We have certainly heard a lot over the last year or so about telemetry and how Microsoft collects it from users to improve its Windows 10 operating systems and related services.
While the discussion around telemetry data and the control of what we share with Microsoft continues to be a heated one it is very challenging to see the big picture around its use when privacy concerns grab all the attention.
Today, thanks to the Microsoft OneDrive team, we have a new real world example of how data can show Microsoft when a feature in one of its services is now working well. Once the issue is identified through the data the next step is to devise a solution - again - from the data - and then test whether or not a simple UI change related to that data improves that experience.

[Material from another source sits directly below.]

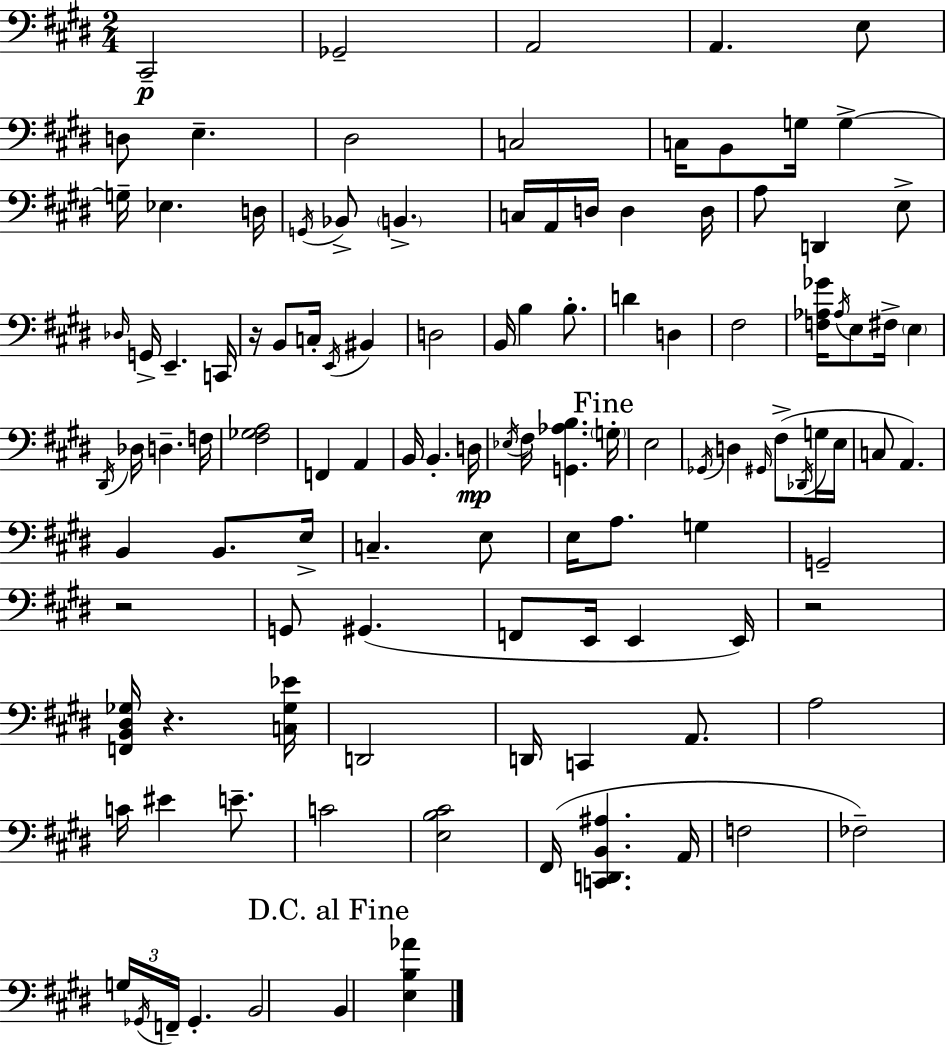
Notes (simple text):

C#2/h Gb2/h A2/h A2/q. E3/e D3/e E3/q. D#3/h C3/h C3/s B2/e G3/s G3/q G3/s Eb3/q. D3/s G2/s Bb2/e B2/q. C3/s A2/s D3/s D3/q D3/s A3/e D2/q E3/e Db3/s G2/s E2/q. C2/s R/s B2/e C3/s E2/s BIS2/q D3/h B2/s B3/q B3/e. D4/q D3/q F#3/h [F3,Ab3,Gb4]/s Ab3/s E3/e F#3/s E3/q D#2/s Db3/s D3/q. F3/s [F#3,Gb3,A3]/h F2/q A2/q B2/s B2/q. D3/s Eb3/s F#3/s [G2,Ab3,B3]/q. G3/s E3/h Gb2/s D3/q G#2/s F#3/e Db2/s G3/s E3/s C3/e A2/q. B2/q B2/e. E3/s C3/q. E3/e E3/s A3/e. G3/q G2/h R/h G2/e G#2/q. F2/e E2/s E2/q E2/s R/h [F2,B2,D#3,Gb3]/s R/q. [C3,Gb3,Eb4]/s D2/h D2/s C2/q A2/e. A3/h C4/s EIS4/q E4/e. C4/h [E3,B3,C#4]/h F#2/s [C2,D2,B2,A#3]/q. A2/s F3/h FES3/h G3/s Gb2/s F2/s Gb2/q. B2/h B2/q [E3,B3,Ab4]/q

In today's example it is about the sharing experience on OneDrive.com.
Previously, choosing to share a file from your OneDrive collection via OneDrive.com presented options to either Invite people or Get a link.
According to Microsoft's data most users in this scenario wanted to just get a link and as a result of clicking Get a link users would be offered several options to get that link for sharing. However, data showed that most of those choices were only used 0.01% during the process of getting a link to a file and that the confusing process typically ended in broken links to the file being shared.
Thanks to that data Microsoft opted to modify the Share dialog for files on OneDrive.com and only present the two most used options, Get a link and Email, instead of the convoluted sharing options from before.
Now, it is one thing to make a change but modifications should be tested to make sure they are resulting in the intended outcome, in this case, less confusion and more successful links being created.
Microsoft does this through what is called A/B Testing.
This is a process where the feature is released for a small subset of users, 28,000 for this change according to Microsoft, and that telemetry is measured to validate that the change has had its intended impact.
After the testing showed it was working as expected Microsoft shipped that modification so that all users could have the new sharing experience on OneDrive.com.
Telemetry can be very useful in improving the overall experience of many services and interactions and this is a good example of why Microsoft collects this anonymous usage data from our system and during the use of their services.